Transforming her dresser took Kelly from overwhelmed to empowered

Transforming her dresser took Kelly from overwhelmed to empowered

All names have been changed to respect my clients’ privacy.

Kelly is a woman with a great sense of style. When we met, her clothes, shoes, and jewelry were on point. Her home is filled with interesting art and artifacts, and there’s a story about every piece. And usually the story is entertaining, because Kelly is hilarious!

Kelly and her husband Sam met many years ago when they were next door neighbors. (How cute is that?!) Their respective homes were full of personality, but there was little overlap in their senses of style and the purposes of their spaces.

Shortly after they were married, they bought a place together. Suddenly there was a collision of his stuff and her stuff — not to mention their personalities, senses of style, and tolerances for clutter — in a 1,000 square foot house.

Kelly’s space is designed to be beautiful, soothing, and practical, full of antiques, soft colors, and cozy fabrics. It’s a haven! Sam’s touches are more reminiscent of bachelor life parties and include global artifacts and eclectic mementos from military travels.

Although they’ve done a lot of harmonizing over the last five years, there is still some difference of opinion about how different spaces should be used and what they should look like. This has resulted in accumulated clutter in random places, and items sitting around waiting to be “placed” in their home.

Sam was on board with our organizing efforts and trusted that Kelly would take his opinions into consideration during the process...something I made sure stayed top of mind during our session.

Where to start?

In our planning session, Kelly gave me a walkthrough of her home, and I noticed that although she exudes a polish and charm in person, this wasn’t reflected in what she considered “her” places in the house: her desk, her dresser, and her kitchen.

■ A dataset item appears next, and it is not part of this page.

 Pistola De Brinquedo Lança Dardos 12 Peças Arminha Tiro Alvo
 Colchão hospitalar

She had the best of intentions, but as things started to pile up over time, she developed analysis paralysis about where to start to clear out the clutter.

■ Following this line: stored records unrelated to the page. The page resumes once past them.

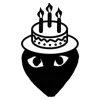 🎂 Эмодзи «Comme Des Garçons» для Telegram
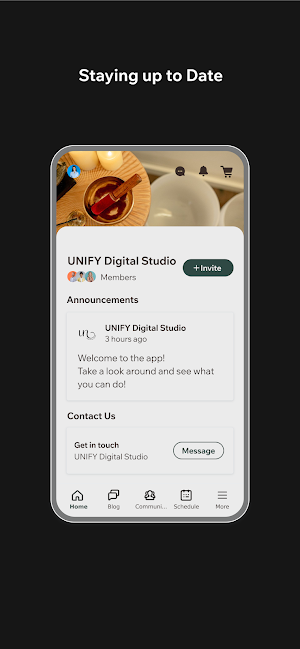 UNIFY Digital Studio Screenshot 0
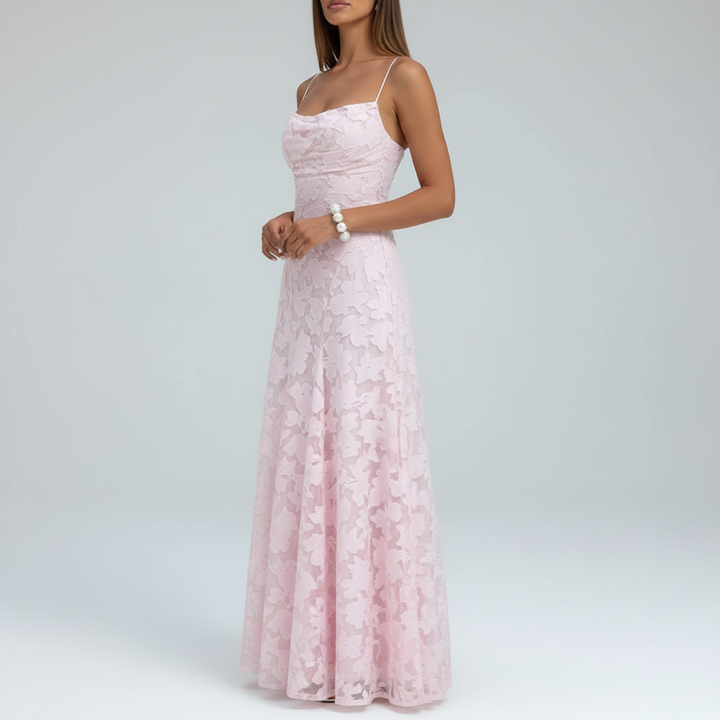 Aria Lace Maxi Dress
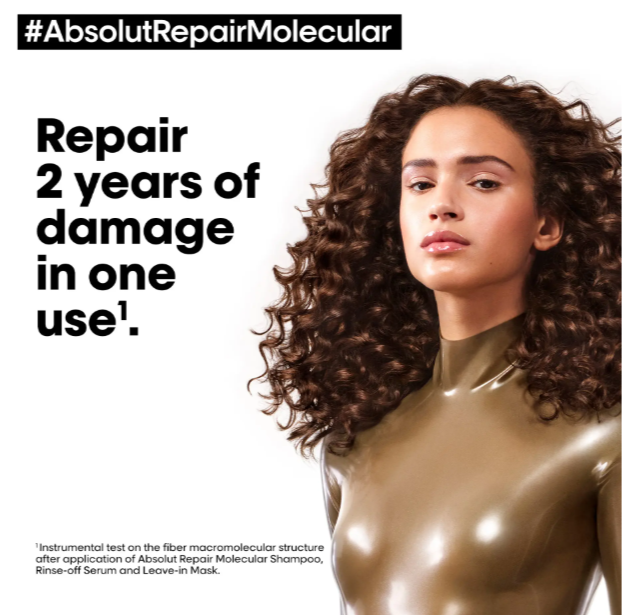 L'Oreal Professional  Absolut Repair Molecular Shampoo 300ml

As she walked and talked her way through each room, it became clear that several areas caused her agita...but also that she was enthusiastic about their potential to be great spaces. Her hands fluttered about, conveying alternating states of optimism, stress, frustration, and excitement, and culminating in an exasperated statement of, “I just don’t know where to begin!”

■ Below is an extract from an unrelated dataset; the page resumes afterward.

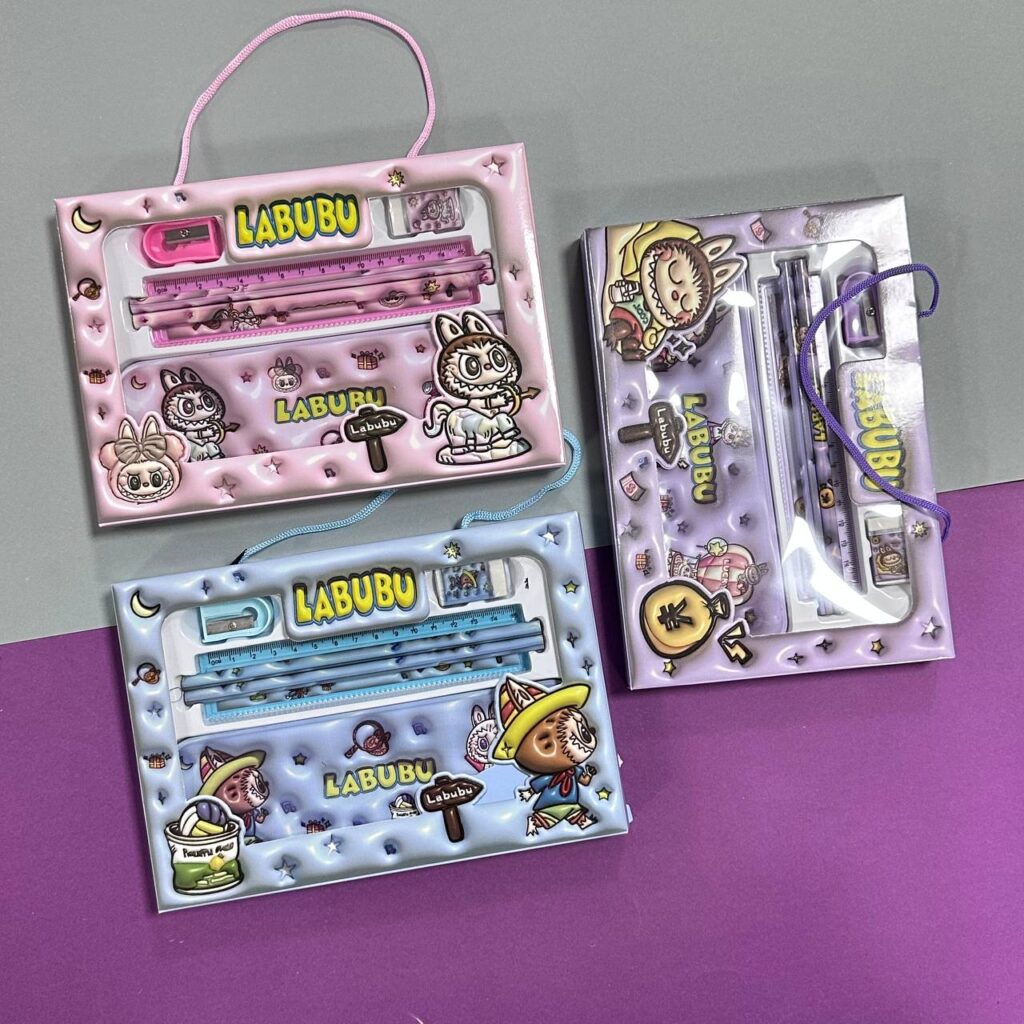 Set de Papelería La bubu - 6 Piezas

I had my own ideas of where we should begin our organizing efforts, but I wanted to hear hers. I asked her questions like, “What is getting in your way when you go through your normal day?” and “What causes you the most stress just from looking at it?” and “What do you think would bring you the biggest sense of peace if it were clear and clean?” We also took into consideration that we had a fixed amount of time that day to work.

We agreed that her bedroom dresser (which she’s had since childhood!) and her jewelry collection would have the most, and most immediate, impact on her day-to-day. It’s one of the first things she and Sam see when they open their eyes in the morning, and it’s where she spends a few minutes every day preparing to face the world.

Later, Kelly told me, “the other driver for picking this particular project what that I knew I had a hot mess on my hands when I gave up even ‘fake-organizing’ (shoving stuff into drawers) when my mother-in-law came to visit.”

We scheduled our session and off I went to plan!

Organizing day

Here’s Kelly’s dog Dewey to show you what we were working with. Look at that expression of anticipation! Typically I ask clients to remove distractions such as pets and kids, but I made an exception for this sweet ole boy.

Dewey says, "I know, right?!"
A closer look.

I asked Kelly to describe how she felt when she looked at this dresser. I should note that in our phone consultation, I learned Kelly is generally an organized and on-top-of-things person. I was sad to hear her say that she was surprised at herself, dumbfounded at how she could let it get this to this point, and overwhelmed because she didn’t have a vision for what it should be.

I was ready to tackle this fine mess and rebuild Kelly’s confidence. I had a vision! We were ready to begin.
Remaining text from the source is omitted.